Jean-Pierre MIGNARD a ainsi expliqué la notion juridique de « préjudice moral né de l’atteinte à l’intégrité du patrimoine naturel », qu’il a développé, à la demande des collectivités locales, pour tenter de la voir intégrée dans notre droit de l’environnement. Il s’agit de l’une des conditions de l’équilibre des relations entre l’Homme et la nature, reposant sur une relation de confiance indispensable entre l’Homme et son environnement. Le préjudice moral ne prend pas fin avec la réparation matérielle (bien que les sites pollués aient été nettoyés, le traumatisme de la souillure perdure), les Collectivités Territoriales sont ainsi fragilisées par l’angoisse que ressentent leurs habitants, c’est pourquoi nous demandons la réparation de ce préjudice moral.
Maîtres MIGNARD et TORDJMAN ont également, à mon sens, bien montré les responsabilités des différents prévenus. Ils ont mis l’accent sur l’évolution d’un aspect du transport maritime : tous les maillons de la chaîne ne sont plus forcément des professionnels de la mer. On assiste à l’apparition d’acteurs uniquement financiers, qui ne maîtrisent pas les réglementations existantes. Cet élément renforce le caractère organisé d’irresponsabilisation des acteurs en cause que je dénonce depuis le début de ce procès.

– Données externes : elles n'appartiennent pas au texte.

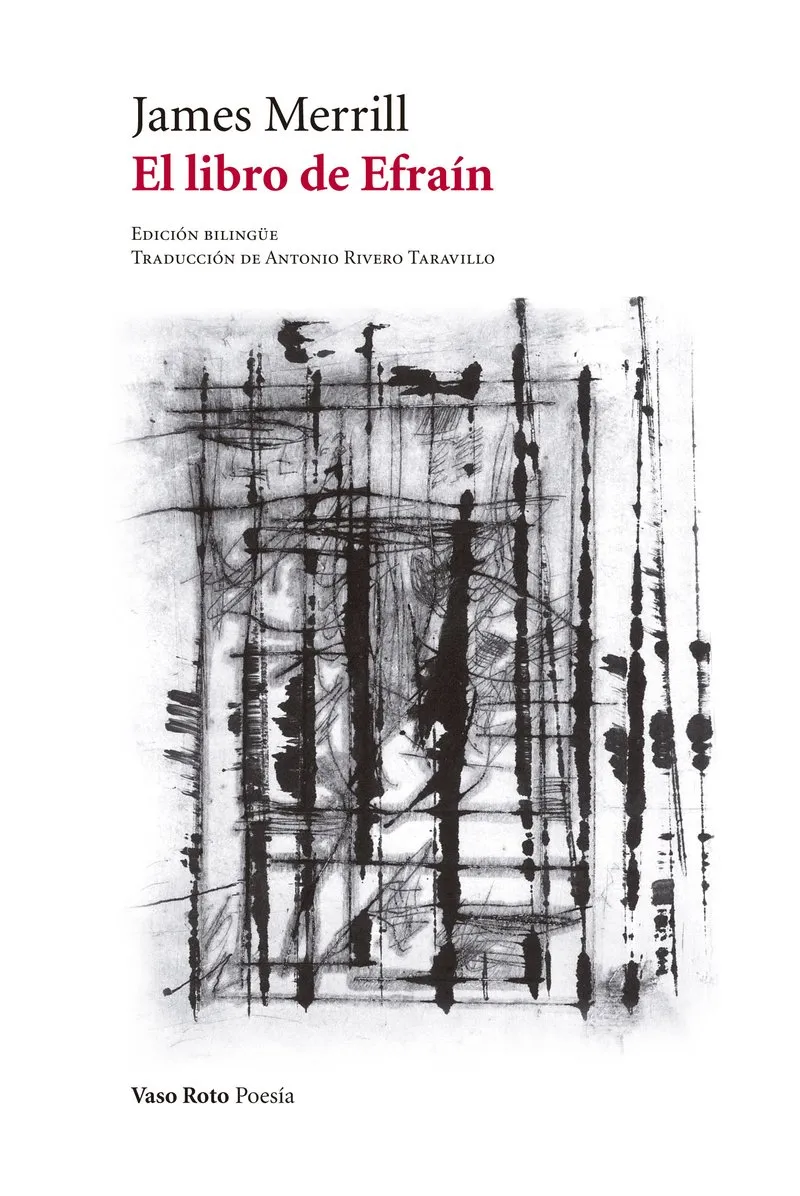 LIBRO DE EFRAIN, EL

Or, l’objet de ce procès est bien de rappeler que dans le domaine de la sécurité maritime, qui s’exerce sur un territoire particulièrement sensible, et qui participe d’un patrimoine commun de l’humanité, aucun doute n’est permis sur la qualité des conditions de transport.
Les réquisitions faites par le Ministère Public me semblent être à la hauteur des enjeux en cause. Le Procureur MICHEL a d’ailleurs également demandé aux juges de faire jurisprudence. Je ne doute pas que le Tribunal Correctionnel, sous la présidence du juge PARLOS, sera capable de relever le défi.